Le evoluzioni del vitello tonnato

Prima venne il vitello, poi il tonno, e solo in tempi moderni la maionese. Scopriamo il vitel tonnè come piatto freddo storico tra i più amati

Le evoluzioni del vitello tonnato

A chi non sarà mai capitato di assaggiare una pietanza d’eccellenza della cucina italiana come il vitello tonnato? E se davvero non ne avete mai avuto l’occasione, vi consigliamo vivamente di farlo, perché questa celebre preparazione di origine piemontese che ha conquistato il mondo intero, buona tanto da gustare come antipasto che come ricco secondo piatto freddo. 

Nel suo elogio del contrasto di gusto più indovinato, il vitello tonnato non è mai “passato di moda”, anzi, la sua essenza si è evoluta nel tempo: le sue prime citazioni si ritrovano all’interno di ricettari piemontesi settecenteschi, che non prevedevano in realtà la presenza del tonno. Secondo alcuni esperti, l’appellativo tonné derivava originariamente da una tradizione culinaria ereditata dalla vicina Francia, ovvero quella di servire le carni di vitello bollite (poi anche brasate o arrosto) tagliate a fette sottili e “conciate” (tanné) con diverse, saporitissime salse

Da sempre si predilige l’uso delle parti anatomiche più magre del vitello, in particolare fesa e girello, ma anche la noce è un taglio che si presterà ottimamente: suggerisce infatti l’utilizzo di tagli del coscio Pellegrino Artusi, che sul finire dell’Ottocento inserisce la ricetta nella sua Scienza in cucina e l’arte di mangiar bene, citando per la prima volta l’uso del tonno sott’olio per la preparazione dell’insolita quanto stupefacente salsa d’accompagnamento. A giocare un ruolo fondamentale nell’introduzione vera e propria del tonno fu di certo l’avvento dell’industria conserviera, che conservandolo in scatola lo rese alla portata di tutti. 

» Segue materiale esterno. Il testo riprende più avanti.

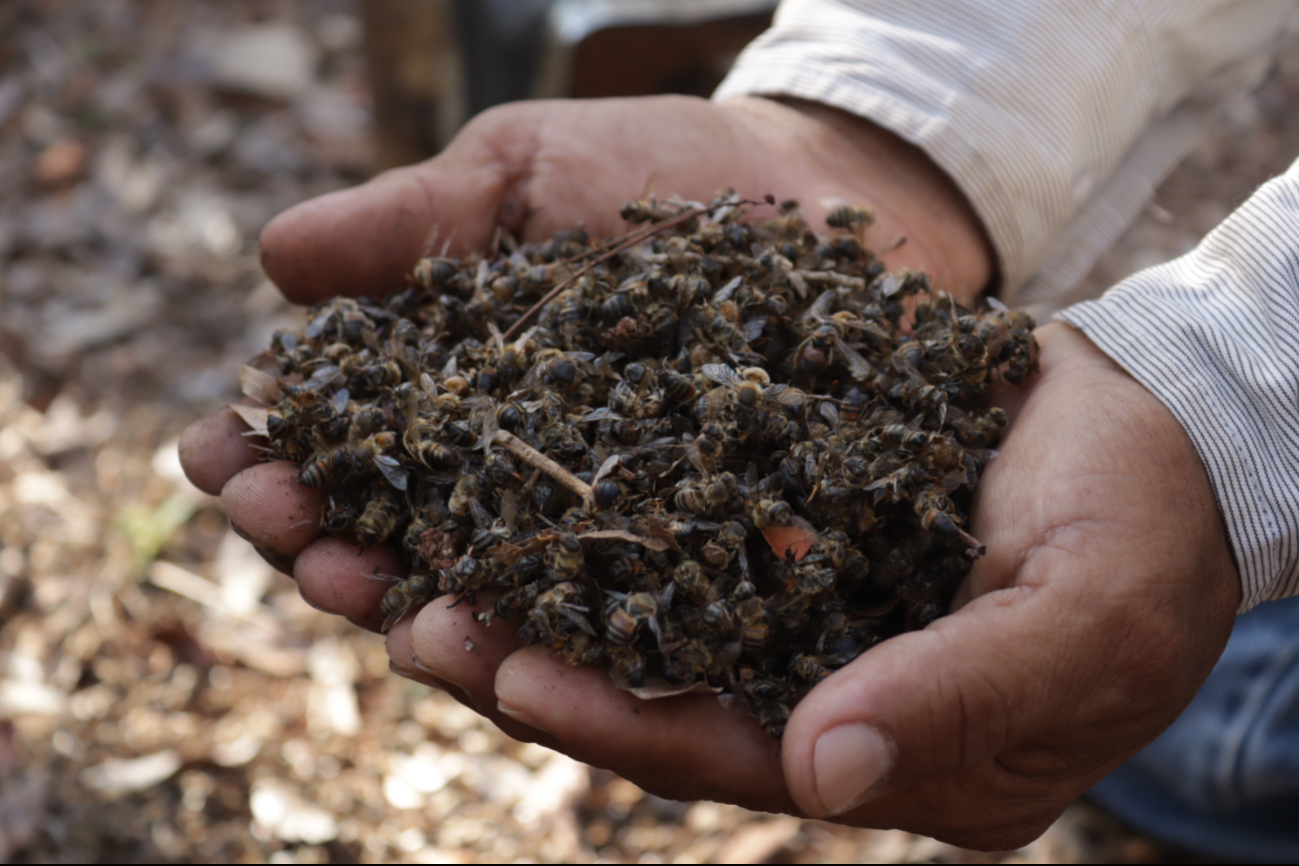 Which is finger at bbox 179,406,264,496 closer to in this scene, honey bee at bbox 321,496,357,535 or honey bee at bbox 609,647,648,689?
honey bee at bbox 321,496,357,535

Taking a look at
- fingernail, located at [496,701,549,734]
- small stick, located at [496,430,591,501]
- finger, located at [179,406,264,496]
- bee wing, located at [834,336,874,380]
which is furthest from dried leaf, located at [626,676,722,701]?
finger, located at [179,406,264,496]

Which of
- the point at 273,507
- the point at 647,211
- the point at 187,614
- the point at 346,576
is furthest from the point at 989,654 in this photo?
the point at 187,614

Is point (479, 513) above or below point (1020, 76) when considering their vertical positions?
below

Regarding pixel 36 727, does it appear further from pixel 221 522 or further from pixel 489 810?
pixel 489 810

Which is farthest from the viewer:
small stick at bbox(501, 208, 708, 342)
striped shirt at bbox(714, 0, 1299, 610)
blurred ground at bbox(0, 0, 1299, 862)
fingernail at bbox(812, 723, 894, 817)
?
blurred ground at bbox(0, 0, 1299, 862)

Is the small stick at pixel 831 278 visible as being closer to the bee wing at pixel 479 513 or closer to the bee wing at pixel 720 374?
the bee wing at pixel 720 374

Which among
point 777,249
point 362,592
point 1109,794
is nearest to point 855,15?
point 777,249

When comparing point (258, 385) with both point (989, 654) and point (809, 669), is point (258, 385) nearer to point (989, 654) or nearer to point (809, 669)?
point (809, 669) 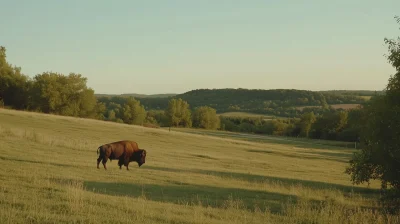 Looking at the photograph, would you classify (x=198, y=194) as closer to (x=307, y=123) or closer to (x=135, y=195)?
(x=135, y=195)

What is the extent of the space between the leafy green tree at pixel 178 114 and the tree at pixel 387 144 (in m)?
114

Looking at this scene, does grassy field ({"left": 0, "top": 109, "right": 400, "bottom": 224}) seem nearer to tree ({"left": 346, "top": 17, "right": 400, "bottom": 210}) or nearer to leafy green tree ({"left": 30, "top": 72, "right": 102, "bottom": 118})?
tree ({"left": 346, "top": 17, "right": 400, "bottom": 210})

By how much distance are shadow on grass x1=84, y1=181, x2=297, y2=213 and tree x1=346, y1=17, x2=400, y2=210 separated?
4042 millimetres

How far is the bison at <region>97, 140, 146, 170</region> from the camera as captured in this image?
23819 millimetres

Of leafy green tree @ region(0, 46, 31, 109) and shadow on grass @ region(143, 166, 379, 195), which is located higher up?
leafy green tree @ region(0, 46, 31, 109)

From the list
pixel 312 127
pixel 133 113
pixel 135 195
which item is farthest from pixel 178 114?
pixel 135 195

Nelle versioni più antiche della ricetta, la carne di vitello veniva condita con una semplice salsa preparata con olio e acciughe: non è dato sapere chi abbia avuto per primo l’idea di accostare il sapore di una carne delicata a quella del piccolo e saporitissimo pesce, che ai tempi era reperibile in Piemonte soprattutto in versione salata, e proveniva soprattutto dalla vicina Liguria (dove le acciughe sotto sale sono tradizione antica, e si fregiano oggi del marchio europeo IGP). 

Per l’intero Settecento, nei libri di cucina si cita una salsa ancora non ben definita, ma che inizia comunque a variare, con la possibilità di aggiunta, alla base di acciughe e olio, di capperi e a volte anche olive, nonché una parte (spesso lasciata restringere sul fuoco) dello stesso brodo di cottura della carne. Artusi, introducendo l’impiego del tonno sott’olio, suggerisce la preparazione della salsa disfacendolo al coltello insieme alle acciughe, per poi setacciare il tutto e aggiungere olio e succo di limone fino ad ottenere una consistenza più liquida, e infine aggiungere capperi interi. 

Da lì in poi, non sono mancate nel corso del Novecento le versioni della salsa evolute con aggiunta di tuorli d’uova sode o di una modesta quantità di patate bollite (entrambi utili a rendere la salsa ancor più cremosa e vellutata al palato), fino a giungere agli anni Ottanta, quando l’ampia diffusione della maionese industriale nelle case degli italiani ha guidato ad una forte semplificazione della ricetta, frullandovi generalmente il tonno e i capperi direttamente all’interno ed ottenendo una salsa ben saporita in modo più pratico e veloce.